Information shown Block Start
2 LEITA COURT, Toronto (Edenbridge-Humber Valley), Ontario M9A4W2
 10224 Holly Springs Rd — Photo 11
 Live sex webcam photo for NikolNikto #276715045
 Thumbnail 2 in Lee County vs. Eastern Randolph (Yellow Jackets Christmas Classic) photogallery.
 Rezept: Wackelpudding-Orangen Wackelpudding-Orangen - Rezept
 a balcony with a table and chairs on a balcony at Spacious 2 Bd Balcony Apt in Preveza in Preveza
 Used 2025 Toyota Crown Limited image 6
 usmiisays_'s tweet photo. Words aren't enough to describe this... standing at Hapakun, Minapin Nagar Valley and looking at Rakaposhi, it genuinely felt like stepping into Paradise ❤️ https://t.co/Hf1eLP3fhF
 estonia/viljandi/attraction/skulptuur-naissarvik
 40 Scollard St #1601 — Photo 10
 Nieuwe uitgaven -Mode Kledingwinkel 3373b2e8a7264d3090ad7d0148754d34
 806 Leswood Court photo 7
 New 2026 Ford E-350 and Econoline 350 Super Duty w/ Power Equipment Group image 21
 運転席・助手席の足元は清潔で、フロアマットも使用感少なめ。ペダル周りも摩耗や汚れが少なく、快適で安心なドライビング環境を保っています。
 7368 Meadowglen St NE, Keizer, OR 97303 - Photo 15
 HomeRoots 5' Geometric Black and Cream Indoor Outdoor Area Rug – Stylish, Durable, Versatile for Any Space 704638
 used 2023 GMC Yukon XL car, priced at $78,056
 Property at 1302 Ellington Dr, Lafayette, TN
Information shown Block End
◆ Work required ◆
Above are the records. Copy the lines beginning at the one that has "New 2026 Ford" and ending with the one that has "7368 Meadowglen St", unchanged.

◆ Your solution ◆
 New 2026 Ford E-350 and Econoline 350 Super Duty w/ Power Equipment Group image 21
 運転席・助手席の足元は清潔で、フロアマットも使用感少なめ。ペダル周りも摩耗や汚れが少なく、快適で安心なドライビング環境を保っています。
 7368 Meadowglen St NE, Keizer, OR 97303 - Photo 15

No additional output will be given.